Ye gods, I have been entirely distraught all evening.  I finished all my casting late last night, slept way too late, and today I wanted to begin the color.  I got the studio partly reconfigured, and then the very world I most need to ignore blew in, in the form of a couple of e-mails, and crashed right down on my head. I’m writing this appeal, and then I hope, in the morning, to get back to the great place I was in…


A friend wrote on her blog today of thinking, “How did I get here?” during a recent event. I feel her, because I’ve thought that for a whole lot of the past two years.  I just began to believe it was now finally over, and I could return to who I actually am: this gardening, sort-of quiet, admittedly odd, kind of friendly, hopefully often funny, obsessively working visual artist who would rather be in the studio or out under the sky than anywhere else.  Instead, I seem to have become a symbol, or a repository for the vindication of some collective feelings about a situation I obviously (pretty damned obviously, I should think) had no control over.  I can’t blog about it directly, but I’ve just been accused of complicity in – no, actually, of masterminding – the ‘subversion’ of an ongoing event that I wasn’t even aware of until a few days ago. I do NOT need this.


Right now, some well-meaning people are trying, I think, to make a statement by campaigning on my behalf during this rather silly event.  Yesterday, when I thought this was nothing more than a weird little sideshow in my life, yes, I even posted a totally goofy Facebook message urging support for me. (This is something anyone and everyone else on the planet is encouraged to do in the context of this event, so I saw no harm in it).  But: I have just gotten a scathing message from someone I have never met, accusing me, in no uncertain terms, of maneuvering the entire event towards what are perceived as my own devious personal ends, described as my desire to ‘stick it to’ people.

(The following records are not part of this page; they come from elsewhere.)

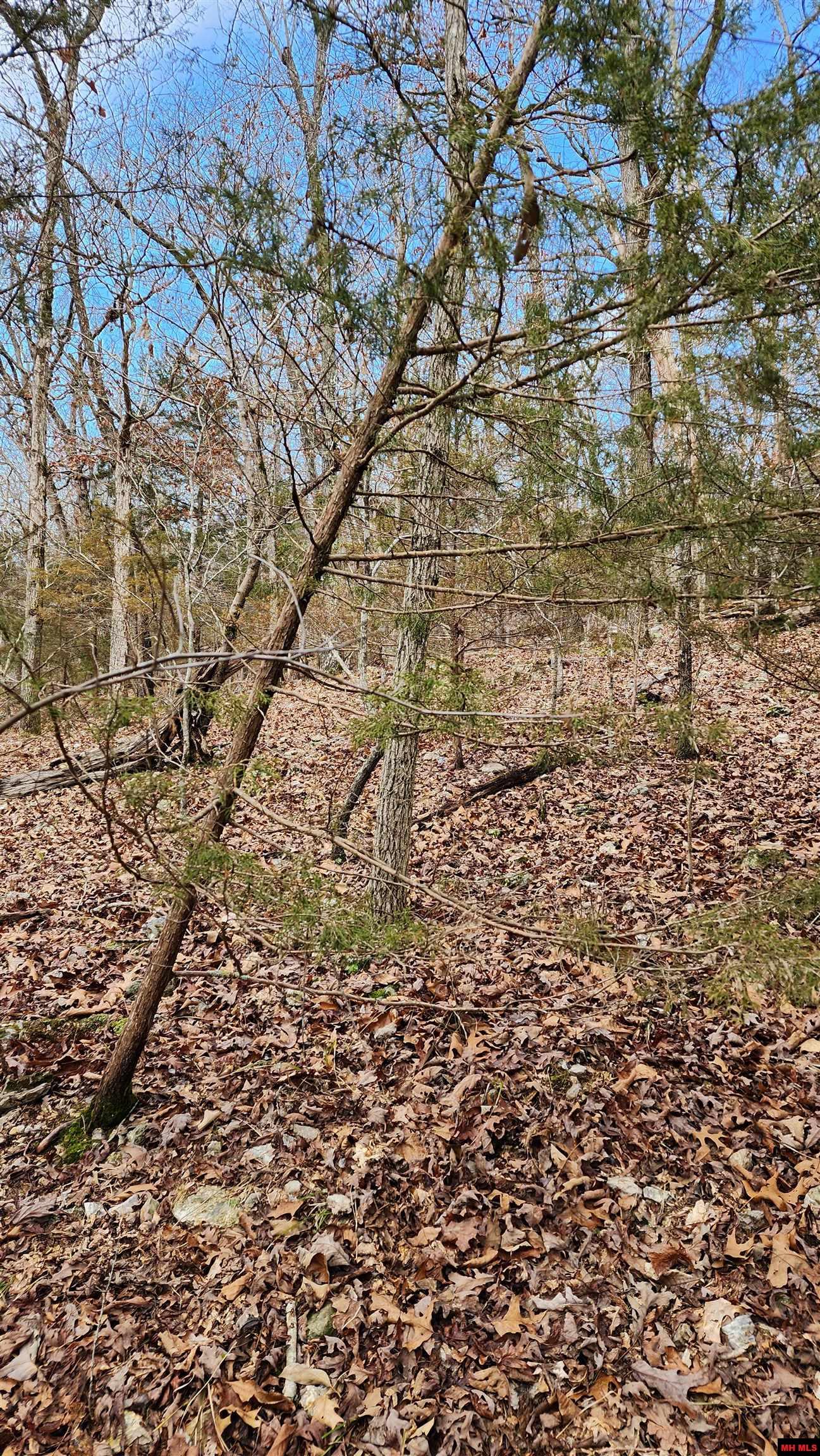 Lot 36 Kingsway Circle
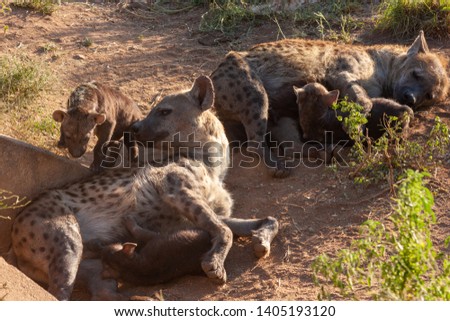 hyena predator mammal of the national parks and nature reserves of south africa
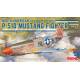NORTH AMERICAN P-51D MUSTANG FIGHTER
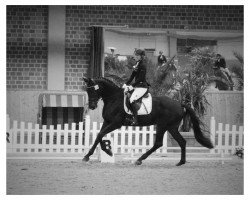 dressage horse Rosalie 214 (Westphalian, 2009, from Riccio)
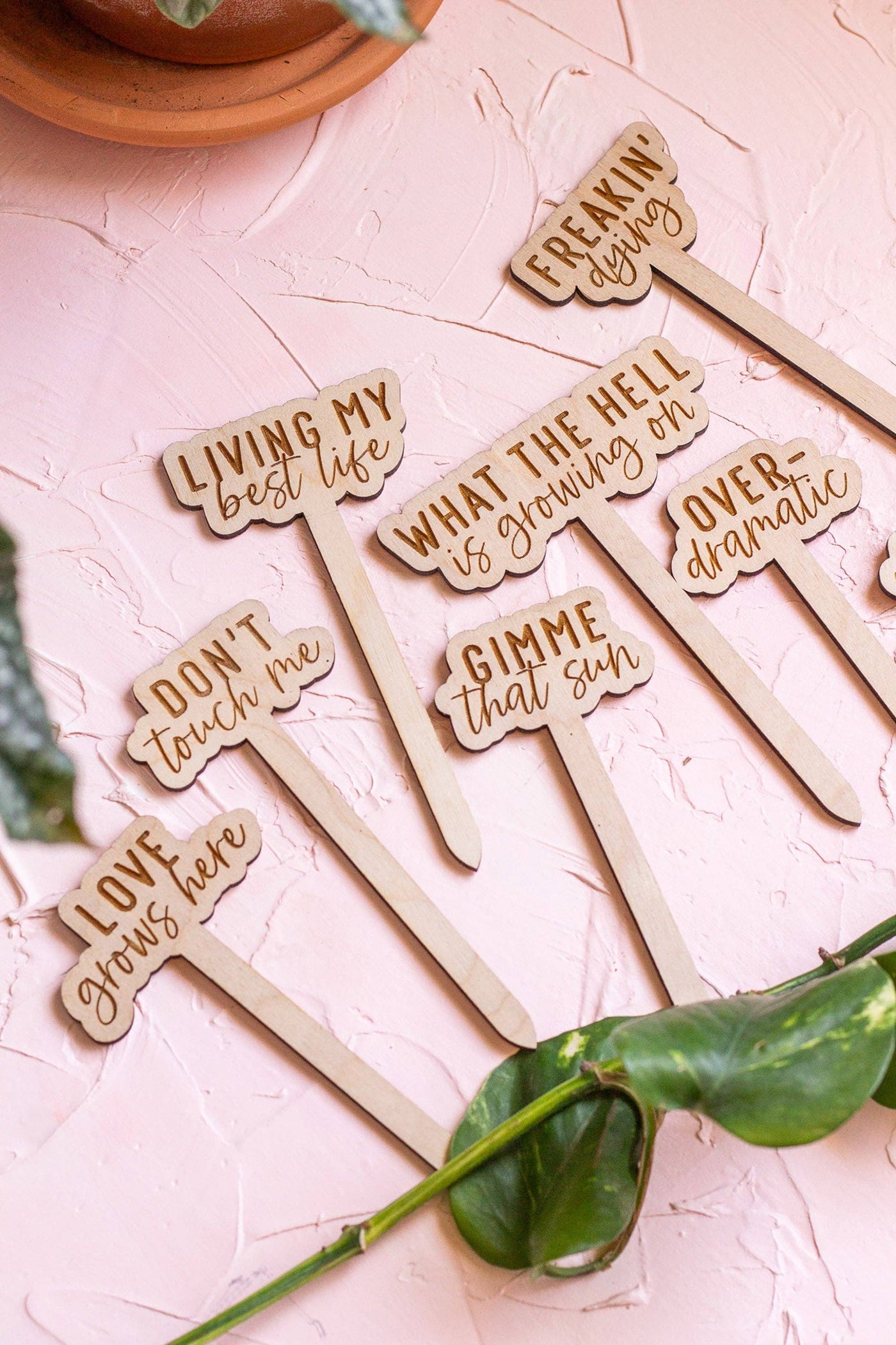 Funny Wooden Plant Markers - Mulberry Market Designs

cannot take this kind of shite anymore, folks.

How did I get here?

Granted, I am outspoken, and granted, I will fight, do fight, and most assuredly have fought (way too long) for what I believe in. And yes, granted, I am relieved that at least I seem to be symbolizing something good.  Even more than granted, I am very, very glad to know that I am liked so well, and I thank everyone (however much of a paradox thanks may seem to be in this context) for your well-intended support.  But, dear people, please: I would really, really, really rather not become the Poster Child For What Was. Truly. I’m so tired of exactly this kind of misinterpreted crap.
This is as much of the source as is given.